Why Raccaro is Essential
My favorite wine research trips are the ones where I can combine a consortium-led educational event with my own explorations. You start with a 50,000-foot view of the area, its grapes, its wines, its producers, its potential, and then you dive into the areas that interest you most. Sometimes on these trips, a producer emerges who is a cut above the rest, and in Collio in November 2022, that producer for me was Raccaro.
At three different tasting events, I navigated through exquisite wines of precision, detail and diversity, and then that stout-shouldered bottle with the little golden church on the label would be poured and we would have our winner.
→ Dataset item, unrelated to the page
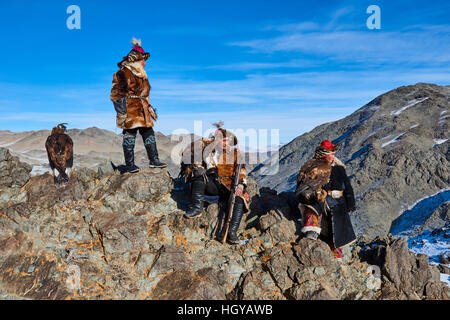 La Mongolie, Bayan Olgii, kazakh, Eagle eagle hunter chasse, golden eagle Banque D'Images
Sadly, I had not scheduled an independent appointment with Luca Raccaro and his family, but that only means there will be a next time.
Raccaro's "Rolat" Collio Friulano and Collio Bianco blend are two wines that you ought to cellar and watch evolve. But you won't have to wait long: just three or four years after vintage, they seem to achieve a kind of complexity we often only see in the white wines of Burgundy, the Loire and Alsace. And as if to say "now check this out," Raccaro's single red wine — a Collio Merlot — redefined for me how this grape ought to be navigated. Why would you ever mess around with Tuscan Merlot if you could have Raccaro instead?
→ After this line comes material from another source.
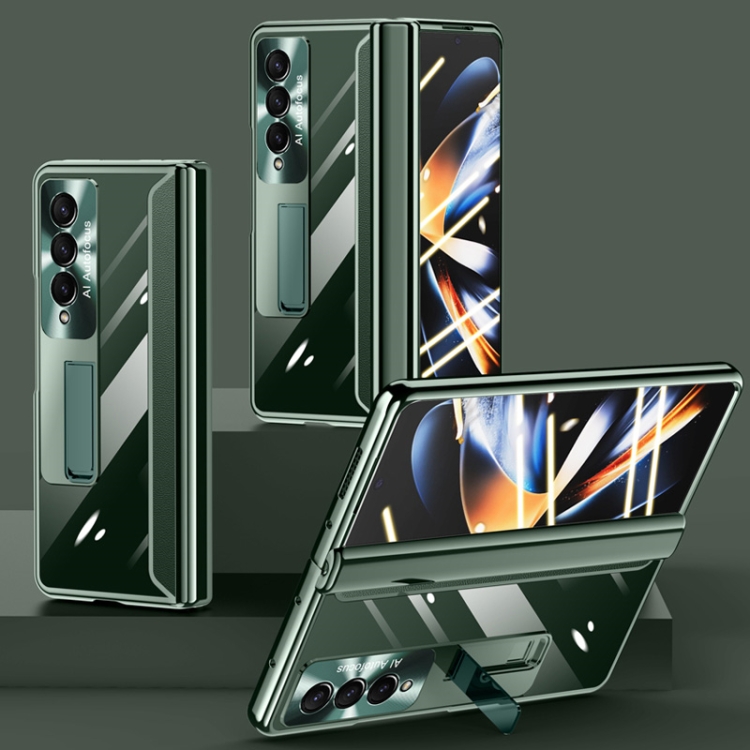 

For Samsung Galaxy Z Fold4 Full Body Electroplating Hinge Phone Case(Green)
The winery is lead by Dario Raccaro and his sons, Paolo and Luca. They tend to vines at the foot of Mount Quarin, a hulking hillside speckled with churches and vines in Collio's beating-heart town, Cormons. Luca told me that his great-grandfather moved to the United States in the 1920s to work in a copper mine following the devastation of World War I — a conflict that was particularly brutal in this part of Europe. He moved back to Cormons to breathe life into the family farm, and by the 1970s and 1980s, the family was bottling their own wines. But it was Luca's father, Dario, who put Raccaro on the fine wine map, and their wines command the respect of those in-the-know in Friuli. Hunt them down and find out why for yourself.
Cormons, Friuli-Venezia Giulia
Grapes: Friulano, Malvasia, Merlot
Appellations/Cru: Collio DOC
American Importer: Jan d'Amore Wines
Originally listed: November 2022
Wines to Seek Out
Raccaro "Rolat" Collio Friulano
Friuli's diversity of wine grapes and styles is staggering, and while on one level that is a good thing, it can often dilute the narrative on what truly stands out in this region.
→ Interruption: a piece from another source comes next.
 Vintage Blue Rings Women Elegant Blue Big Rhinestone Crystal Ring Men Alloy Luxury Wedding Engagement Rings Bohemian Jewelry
Some have made the argument that Friulano (formerly called Tocai) is the signature grape, particularly in the Collio DOC. The wine that makes the most convincing claim to Friulano's prowess is Raccaro's "Rolat," particularly with a few years of age under its belt. Here, the grape's hidden power comes to the fore with a compelling nose swirling with bright strawberry and tea-like tones. With time, "Rolat" loosens up and offers a generosity and length on the palate that screams for experimental food pairings, and here is where that claim to superiority comes in: sure, macerated Ribolla Gialla, layered Pinot Bianco and even vivacious Vitovska could top the podium, but none of them come close to Friulano's versatility at the table. "Rolat" makes this fact abundantly clear with its sorta salty, ever-so-persistent finish.
Raccaro Collio Bianco
As a monovarietal, single-vineyard wine, the "Rolat" Collio Friulano can be seen as Raccaro's terroir-centric wine. The Collio Bianco, however, is where the craft comes in.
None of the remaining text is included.